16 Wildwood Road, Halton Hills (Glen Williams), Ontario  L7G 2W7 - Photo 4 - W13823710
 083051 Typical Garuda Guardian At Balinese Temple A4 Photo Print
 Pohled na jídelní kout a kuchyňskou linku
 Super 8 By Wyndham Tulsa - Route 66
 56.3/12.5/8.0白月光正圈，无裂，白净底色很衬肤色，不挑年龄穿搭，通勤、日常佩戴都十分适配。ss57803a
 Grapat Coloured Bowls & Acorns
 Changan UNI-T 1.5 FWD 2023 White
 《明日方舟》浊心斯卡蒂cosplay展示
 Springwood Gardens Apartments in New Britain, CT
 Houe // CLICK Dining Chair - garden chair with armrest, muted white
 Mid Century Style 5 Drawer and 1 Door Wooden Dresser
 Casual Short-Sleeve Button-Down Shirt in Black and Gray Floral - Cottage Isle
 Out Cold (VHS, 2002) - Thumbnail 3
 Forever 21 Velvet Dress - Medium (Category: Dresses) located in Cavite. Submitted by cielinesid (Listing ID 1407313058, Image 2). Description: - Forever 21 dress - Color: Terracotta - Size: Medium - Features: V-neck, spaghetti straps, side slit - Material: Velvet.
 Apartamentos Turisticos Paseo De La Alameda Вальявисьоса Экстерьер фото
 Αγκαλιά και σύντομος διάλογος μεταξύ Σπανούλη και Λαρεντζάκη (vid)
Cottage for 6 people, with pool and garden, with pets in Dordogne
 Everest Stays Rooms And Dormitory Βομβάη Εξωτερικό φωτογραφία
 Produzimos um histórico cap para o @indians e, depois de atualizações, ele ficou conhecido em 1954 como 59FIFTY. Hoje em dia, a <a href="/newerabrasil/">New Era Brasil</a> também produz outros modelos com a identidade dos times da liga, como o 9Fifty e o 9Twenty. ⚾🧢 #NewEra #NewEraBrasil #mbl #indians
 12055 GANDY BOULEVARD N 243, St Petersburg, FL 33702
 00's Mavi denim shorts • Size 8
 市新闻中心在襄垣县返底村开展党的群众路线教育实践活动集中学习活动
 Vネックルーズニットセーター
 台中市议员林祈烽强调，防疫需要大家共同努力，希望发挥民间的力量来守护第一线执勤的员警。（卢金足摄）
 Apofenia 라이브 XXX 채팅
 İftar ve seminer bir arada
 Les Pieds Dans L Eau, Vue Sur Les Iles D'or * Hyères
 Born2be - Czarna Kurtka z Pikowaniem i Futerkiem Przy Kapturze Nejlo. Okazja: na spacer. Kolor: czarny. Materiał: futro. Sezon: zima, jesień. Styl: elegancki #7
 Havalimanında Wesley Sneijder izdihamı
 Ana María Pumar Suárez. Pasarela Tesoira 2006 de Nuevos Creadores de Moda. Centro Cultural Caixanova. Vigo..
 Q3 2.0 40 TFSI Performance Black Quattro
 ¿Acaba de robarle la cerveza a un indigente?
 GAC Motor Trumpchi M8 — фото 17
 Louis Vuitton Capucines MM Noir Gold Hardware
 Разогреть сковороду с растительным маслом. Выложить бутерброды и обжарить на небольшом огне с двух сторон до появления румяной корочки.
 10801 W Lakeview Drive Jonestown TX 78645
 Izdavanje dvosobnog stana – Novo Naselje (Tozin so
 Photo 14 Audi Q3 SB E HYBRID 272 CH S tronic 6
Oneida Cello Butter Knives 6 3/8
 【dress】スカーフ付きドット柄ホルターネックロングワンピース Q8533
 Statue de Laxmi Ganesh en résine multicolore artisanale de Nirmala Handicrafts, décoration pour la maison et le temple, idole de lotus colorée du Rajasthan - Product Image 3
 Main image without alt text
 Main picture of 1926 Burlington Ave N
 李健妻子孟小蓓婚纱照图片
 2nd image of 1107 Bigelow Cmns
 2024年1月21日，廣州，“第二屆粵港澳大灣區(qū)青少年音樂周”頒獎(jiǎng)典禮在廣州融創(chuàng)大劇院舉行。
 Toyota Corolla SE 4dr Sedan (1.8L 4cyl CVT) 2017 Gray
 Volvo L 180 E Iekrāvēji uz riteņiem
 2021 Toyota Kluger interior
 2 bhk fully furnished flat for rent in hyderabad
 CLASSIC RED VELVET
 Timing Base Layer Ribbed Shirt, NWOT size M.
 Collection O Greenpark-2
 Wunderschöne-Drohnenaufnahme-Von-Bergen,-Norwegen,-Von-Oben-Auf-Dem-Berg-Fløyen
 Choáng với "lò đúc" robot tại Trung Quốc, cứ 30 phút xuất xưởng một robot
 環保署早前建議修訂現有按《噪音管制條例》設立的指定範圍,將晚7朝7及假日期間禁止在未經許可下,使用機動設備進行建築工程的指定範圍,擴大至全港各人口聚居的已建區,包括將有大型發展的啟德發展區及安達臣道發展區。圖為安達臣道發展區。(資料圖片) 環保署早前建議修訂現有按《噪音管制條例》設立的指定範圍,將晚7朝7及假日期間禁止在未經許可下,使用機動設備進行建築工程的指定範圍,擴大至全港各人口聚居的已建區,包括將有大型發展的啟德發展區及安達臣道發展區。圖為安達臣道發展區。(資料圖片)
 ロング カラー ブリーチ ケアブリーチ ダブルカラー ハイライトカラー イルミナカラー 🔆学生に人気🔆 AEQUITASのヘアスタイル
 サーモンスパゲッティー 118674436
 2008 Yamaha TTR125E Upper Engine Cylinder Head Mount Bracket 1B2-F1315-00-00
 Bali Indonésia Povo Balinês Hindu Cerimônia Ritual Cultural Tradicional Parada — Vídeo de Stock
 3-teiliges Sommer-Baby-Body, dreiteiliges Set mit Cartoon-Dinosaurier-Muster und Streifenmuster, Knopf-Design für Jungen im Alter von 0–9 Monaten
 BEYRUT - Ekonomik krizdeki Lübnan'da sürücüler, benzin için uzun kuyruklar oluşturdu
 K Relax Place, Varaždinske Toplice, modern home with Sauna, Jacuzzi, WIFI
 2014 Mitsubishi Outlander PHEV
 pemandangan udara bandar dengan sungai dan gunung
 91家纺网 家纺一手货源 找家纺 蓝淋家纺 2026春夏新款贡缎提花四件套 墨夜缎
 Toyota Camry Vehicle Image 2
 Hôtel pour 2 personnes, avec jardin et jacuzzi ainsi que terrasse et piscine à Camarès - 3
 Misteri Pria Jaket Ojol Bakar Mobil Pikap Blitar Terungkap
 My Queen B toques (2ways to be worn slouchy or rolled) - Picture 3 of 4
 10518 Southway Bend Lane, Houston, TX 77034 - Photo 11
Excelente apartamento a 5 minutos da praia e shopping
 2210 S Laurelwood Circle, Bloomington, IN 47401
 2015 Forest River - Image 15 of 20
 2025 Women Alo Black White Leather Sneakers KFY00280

━━━

### AIM OF THE EXERCISE
What you give back must be the stretch above, starting at the line with "Разогреть сковороду с" and ending at the line with "Wunderschöne-D", copied exactly.

### THE COMPLETED TASK
 Разогреть сковороду с растительным маслом. Выложить бутерброды и обжарить на небольшом огне с двух сторон до появления румяной корочки.
 10801 W Lakeview Drive Jonestown TX 78645
 Izdavanje dvosobnog stana – Novo Naselje (Tozin so
 Photo 14 Audi Q3 SB E HYBRID 272 CH S tronic 6
Oneida Cello Butter Knives 6 3/8
 【dress】スカーフ付きドット柄ホルターネックロングワンピース Q8533
 Statue de Laxmi Ganesh en résine multicolore artisanale de Nirmala Handicrafts, décoration pour la maison et le temple, idole de lotus colorée du Rajasthan - Product Image 3
 Main image without alt text
 Main picture of 1926 Burlington Ave N
 李健妻子孟小蓓婚纱照图片
 2nd image of 1107 Bigelow Cmns
 2024年1月21日，廣州，“第二屆粵港澳大灣區(qū)青少年音樂周”頒獎(jiǎng)典禮在廣州融創(chuàng)大劇院舉行。
 Toyota Corolla SE 4dr Sedan (1.8L 4cyl CVT) 2017 Gray
 Volvo L 180 E Iekrāvēji uz riteņiem
 2021 Toyota Kluger interior
 2 bhk fully furnished flat for rent in hyderabad
 CLASSIC RED VELVET
 Timing Base Layer Ribbed Shirt, NWOT size M.
 Collection O Greenpark-2
 Wunderschöne-Drohnenaufnahme-Von-Bergen,-Norwegen,-Von-Oben-Auf-Dem-Berg-Fløyen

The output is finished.